◆ Entries supplied
----------------------------------------
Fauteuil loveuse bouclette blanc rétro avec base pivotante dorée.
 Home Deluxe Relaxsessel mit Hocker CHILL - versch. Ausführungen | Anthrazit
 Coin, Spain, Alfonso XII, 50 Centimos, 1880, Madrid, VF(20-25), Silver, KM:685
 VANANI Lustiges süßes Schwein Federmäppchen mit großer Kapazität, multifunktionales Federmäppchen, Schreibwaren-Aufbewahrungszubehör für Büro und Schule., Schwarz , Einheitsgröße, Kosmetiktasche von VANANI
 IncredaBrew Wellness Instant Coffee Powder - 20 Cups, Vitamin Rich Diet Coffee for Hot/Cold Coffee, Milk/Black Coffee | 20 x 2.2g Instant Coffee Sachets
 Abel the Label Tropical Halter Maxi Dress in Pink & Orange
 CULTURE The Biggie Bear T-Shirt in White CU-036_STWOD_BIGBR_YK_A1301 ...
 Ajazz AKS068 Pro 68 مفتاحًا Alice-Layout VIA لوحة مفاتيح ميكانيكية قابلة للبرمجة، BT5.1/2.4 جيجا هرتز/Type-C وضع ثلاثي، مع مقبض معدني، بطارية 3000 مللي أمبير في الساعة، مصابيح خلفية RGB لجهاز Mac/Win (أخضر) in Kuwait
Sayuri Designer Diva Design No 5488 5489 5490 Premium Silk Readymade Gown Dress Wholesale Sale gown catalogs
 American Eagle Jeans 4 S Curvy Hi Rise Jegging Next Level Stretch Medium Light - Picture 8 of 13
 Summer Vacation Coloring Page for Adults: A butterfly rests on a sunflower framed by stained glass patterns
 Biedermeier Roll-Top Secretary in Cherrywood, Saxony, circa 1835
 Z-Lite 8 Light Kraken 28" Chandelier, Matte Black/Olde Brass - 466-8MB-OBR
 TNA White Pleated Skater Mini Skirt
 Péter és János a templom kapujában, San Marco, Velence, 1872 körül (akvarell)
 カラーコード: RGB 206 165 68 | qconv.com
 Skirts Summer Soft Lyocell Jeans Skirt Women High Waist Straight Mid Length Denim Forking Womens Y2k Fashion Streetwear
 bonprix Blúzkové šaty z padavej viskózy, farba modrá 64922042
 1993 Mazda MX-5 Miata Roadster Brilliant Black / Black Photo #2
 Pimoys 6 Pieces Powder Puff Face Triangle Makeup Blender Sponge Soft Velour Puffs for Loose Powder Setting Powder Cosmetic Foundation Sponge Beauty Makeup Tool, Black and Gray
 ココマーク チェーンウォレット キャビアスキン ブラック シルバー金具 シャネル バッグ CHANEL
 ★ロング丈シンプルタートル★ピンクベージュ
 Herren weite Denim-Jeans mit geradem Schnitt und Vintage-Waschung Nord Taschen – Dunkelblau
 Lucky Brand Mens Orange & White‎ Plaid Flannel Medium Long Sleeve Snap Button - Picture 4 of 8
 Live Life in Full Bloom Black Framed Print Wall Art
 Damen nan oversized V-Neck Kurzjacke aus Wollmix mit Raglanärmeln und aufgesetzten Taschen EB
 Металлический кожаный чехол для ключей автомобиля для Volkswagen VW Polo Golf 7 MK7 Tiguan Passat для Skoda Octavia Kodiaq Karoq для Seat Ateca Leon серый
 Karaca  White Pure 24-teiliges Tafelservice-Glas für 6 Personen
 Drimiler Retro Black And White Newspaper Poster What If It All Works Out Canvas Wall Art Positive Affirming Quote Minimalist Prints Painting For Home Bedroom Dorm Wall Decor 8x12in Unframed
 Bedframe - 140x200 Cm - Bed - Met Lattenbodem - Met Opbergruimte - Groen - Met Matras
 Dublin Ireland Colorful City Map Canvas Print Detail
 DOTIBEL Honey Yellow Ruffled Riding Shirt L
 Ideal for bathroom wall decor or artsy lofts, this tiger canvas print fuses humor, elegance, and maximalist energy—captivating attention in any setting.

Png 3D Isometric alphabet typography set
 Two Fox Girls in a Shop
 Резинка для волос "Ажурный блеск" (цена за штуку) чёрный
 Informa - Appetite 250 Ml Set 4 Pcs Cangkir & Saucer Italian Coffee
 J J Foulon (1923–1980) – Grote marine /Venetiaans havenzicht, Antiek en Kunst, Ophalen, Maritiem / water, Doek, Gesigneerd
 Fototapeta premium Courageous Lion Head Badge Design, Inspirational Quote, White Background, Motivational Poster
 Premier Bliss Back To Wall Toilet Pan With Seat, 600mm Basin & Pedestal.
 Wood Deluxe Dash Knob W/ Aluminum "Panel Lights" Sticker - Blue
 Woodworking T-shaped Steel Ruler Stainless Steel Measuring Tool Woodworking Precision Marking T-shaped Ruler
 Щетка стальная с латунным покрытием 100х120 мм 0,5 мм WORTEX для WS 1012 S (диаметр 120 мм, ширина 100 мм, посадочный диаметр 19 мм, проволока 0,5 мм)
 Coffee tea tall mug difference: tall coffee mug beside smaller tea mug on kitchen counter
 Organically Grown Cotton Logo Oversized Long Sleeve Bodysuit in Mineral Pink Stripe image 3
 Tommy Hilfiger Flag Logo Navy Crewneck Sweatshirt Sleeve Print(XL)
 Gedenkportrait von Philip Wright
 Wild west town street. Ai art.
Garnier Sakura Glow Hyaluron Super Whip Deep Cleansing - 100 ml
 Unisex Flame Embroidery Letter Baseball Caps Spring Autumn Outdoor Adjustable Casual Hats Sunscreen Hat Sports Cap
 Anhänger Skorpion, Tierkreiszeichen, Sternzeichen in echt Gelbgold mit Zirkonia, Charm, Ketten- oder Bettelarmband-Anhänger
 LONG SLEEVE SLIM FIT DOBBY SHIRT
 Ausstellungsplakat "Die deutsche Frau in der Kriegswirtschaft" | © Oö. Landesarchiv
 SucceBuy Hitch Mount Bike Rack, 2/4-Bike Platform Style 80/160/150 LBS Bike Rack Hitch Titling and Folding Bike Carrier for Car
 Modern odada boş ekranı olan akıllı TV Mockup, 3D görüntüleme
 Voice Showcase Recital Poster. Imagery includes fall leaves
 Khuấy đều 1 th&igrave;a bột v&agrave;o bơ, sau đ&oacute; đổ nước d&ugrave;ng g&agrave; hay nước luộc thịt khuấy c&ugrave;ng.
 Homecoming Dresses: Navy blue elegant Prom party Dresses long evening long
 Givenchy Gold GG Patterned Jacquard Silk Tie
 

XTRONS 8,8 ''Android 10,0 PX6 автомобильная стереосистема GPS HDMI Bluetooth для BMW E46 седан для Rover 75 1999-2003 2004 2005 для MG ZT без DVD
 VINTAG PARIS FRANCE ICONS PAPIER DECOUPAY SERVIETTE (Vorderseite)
----------------------------------------
◆ Aim of the exercise
Give back the entries exactly, so that each line matches the original.

◆ Solution for this exercise
Fauteuil loveuse bouclette blanc rétro avec base pivotante dorée.
 Home Deluxe Relaxsessel mit Hocker CHILL - versch. Ausführungen | Anthrazit
 Coin, Spain, Alfonso XII, 50 Centimos, 1880, Madrid, VF(20-25), Silver, KM:685
 VANANI Lustiges süßes Schwein Federmäppchen mit großer Kapazität, multifunktionales Federmäppchen, Schreibwaren-Aufbewahrungszubehör für Büro und Schule., Schwarz , Einheitsgröße, Kosmetiktasche von VANANI
 IncredaBrew Wellness Instant Coffee Powder - 20 Cups, Vitamin Rich Diet Coffee for Hot/Cold Coffee, Milk/Black Coffee | 20 x 2.2g Instant Coffee Sachets
 Abel the Label Tropical Halter Maxi Dress in Pink & Orange
 CULTURE The Biggie Bear T-Shirt in White CU-036_STWOD_BIGBR_YK_A1301 ...
 Ajazz AKS068 Pro 68 مفتاحًا Alice-Layout VIA لوحة مفاتيح ميكانيكية قابلة للبرمجة، BT5.1/2.4 جيجا هرتز/Type-C وضع ثلاثي، مع مقبض معدني، بطارية 3000 مللي أمبير في الساعة، مصابيح خلفية RGB لجهاز Mac/Win (أخضر) in Kuwait
Sayuri Designer Diva Design No 5488 5489 5490 Premium Silk Readymade Gown Dress Wholesale Sale gown catalogs
 American Eagle Jeans 4 S Curvy Hi Rise Jegging Next Level Stretch Medium Light - Picture 8 of 13
 Summer Vacation Coloring Page for Adults: A butterfly rests on a sunflower framed by stained glass patterns
 Biedermeier Roll-Top Secretary in Cherrywood, Saxony, circa 1835
 Z-Lite 8 Light Kraken 28" Chandelier, Matte Black/Olde Brass - 466-8MB-OBR
 TNA White Pleated Skater Mini Skirt
 Péter és János a templom kapujában, San Marco, Velence, 1872 körül (akvarell)
 カラーコード: RGB 206 165 68 | qconv.com
 Skirts Summer Soft Lyocell Jeans Skirt Women High Waist Straight Mid Length Denim Forking Womens Y2k Fashion Streetwear
 bonprix Blúzkové šaty z padavej viskózy, farba modrá 64922042
 1993 Mazda MX-5 Miata Roadster Brilliant Black / Black Photo #2
 Pimoys 6 Pieces Powder Puff Face Triangle Makeup Blender Sponge Soft Velour Puffs for Loose Powder Setting Powder Cosmetic Foundation Sponge Beauty Makeup Tool, Black and Gray
 ココマーク チェーンウォレット キャビアスキン ブラック シルバー金具 シャネル バッグ CHANEL
 ★ロング丈シンプルタートル★ピンクベージュ
 Herren weite Denim-Jeans mit geradem Schnitt und Vintage-Waschung Nord Taschen – Dunkelblau
 Lucky Brand Mens Orange & White‎ Plaid Flannel Medium Long Sleeve Snap Button - Picture 4 of 8
 Live Life in Full Bloom Black Framed Print Wall Art
 Damen nan oversized V-Neck Kurzjacke aus Wollmix mit Raglanärmeln und aufgesetzten Taschen EB
 Металлический кожаный чехол для ключей автомобиля для Volkswagen VW Polo Golf 7 MK7 Tiguan Passat для Skoda Octavia Kodiaq Karoq для Seat Ateca Leon серый
 Karaca  White Pure 24-teiliges Tafelservice-Glas für 6 Personen
 Drimiler Retro Black And White Newspaper Poster What If It All Works Out Canvas Wall Art Positive Affirming Quote Minimalist Prints Painting For Home Bedroom Dorm Wall Decor 8x12in Unframed
 Bedframe - 140x200 Cm - Bed - Met Lattenbodem - Met Opbergruimte - Groen - Met Matras
 Dublin Ireland Colorful City Map Canvas Print Detail
 DOTIBEL Honey Yellow Ruffled Riding Shirt L
 Ideal for bathroom wall decor or artsy lofts, this tiger canvas print fuses humor, elegance, and maximalist energy—captivating attention in any setting.

Png 3D Isometric alphabet typography set
 Two Fox Girls in a Shop
 Резинка для волос "Ажурный блеск" (цена за штуку) чёрный
 Informa - Appetite 250 Ml Set 4 Pcs Cangkir & Saucer Italian Coffee
 J J Foulon (1923–1980) – Grote marine /Venetiaans havenzicht, Antiek en Kunst, Ophalen, Maritiem / water, Doek, Gesigneerd
 Fototapeta premium Courageous Lion Head Badge Design, Inspirational Quote, White Background, Motivational Poster
 Premier Bliss Back To Wall Toilet Pan With Seat, 600mm Basin & Pedestal.
 Wood Deluxe Dash Knob W/ Aluminum "Panel Lights" Sticker - Blue
 Woodworking T-shaped Steel Ruler Stainless Steel Measuring Tool Woodworking Precision Marking T-shaped Ruler
 Щетка стальная с латунным покрытием 100х120 мм 0,5 мм WORTEX для WS 1012 S (диаметр 120 мм, ширина 100 мм, посадочный диаметр 19 мм, проволока 0,5 мм)
 Coffee tea tall mug difference: tall coffee mug beside smaller tea mug on kitchen counter
 Organically Grown Cotton Logo Oversized Long Sleeve Bodysuit in Mineral Pink Stripe image 3
 Tommy Hilfiger Flag Logo Navy Crewneck Sweatshirt Sleeve Print(XL)
 Gedenkportrait von Philip Wright
 Wild west town street. Ai art.
Garnier Sakura Glow Hyaluron Super Whip Deep Cleansing - 100 ml
 Unisex Flame Embroidery Letter Baseball Caps Spring Autumn Outdoor Adjustable Casual Hats Sunscreen Hat Sports Cap
 Anhänger Skorpion, Tierkreiszeichen, Sternzeichen in echt Gelbgold mit Zirkonia, Charm, Ketten- oder Bettelarmband-Anhänger
 LONG SLEEVE SLIM FIT DOBBY SHIRT
 Ausstellungsplakat "Die deutsche Frau in der Kriegswirtschaft" | © Oö. Landesarchiv
 SucceBuy Hitch Mount Bike Rack, 2/4-Bike Platform Style 80/160/150 LBS Bike Rack Hitch Titling and Folding Bike Carrier for Car
 Modern odada boş ekranı olan akıllı TV Mockup, 3D görüntüleme
 Voice Showcase Recital Poster. Imagery includes fall leaves
 Khuấy đều 1 th&igrave;a bột v&agrave;o bơ, sau đ&oacute; đổ nước d&ugrave;ng g&agrave; hay nước luộc thịt khuấy c&ugrave;ng.
 Homecoming Dresses: Navy blue elegant Prom party Dresses long evening long
 Givenchy Gold GG Patterned Jacquard Silk Tie
 

XTRONS 8,8 ''Android 10,0 PX6 автомобильная стереосистема GPS HDMI Bluetooth для BMW E46 седан для Rover 75 1999-2003 2004 2005 для MG ZT без DVD
 VINTAG PARIS FRANCE ICONS PAPIER DECOUPAY SERVIETTE (Vorderseite)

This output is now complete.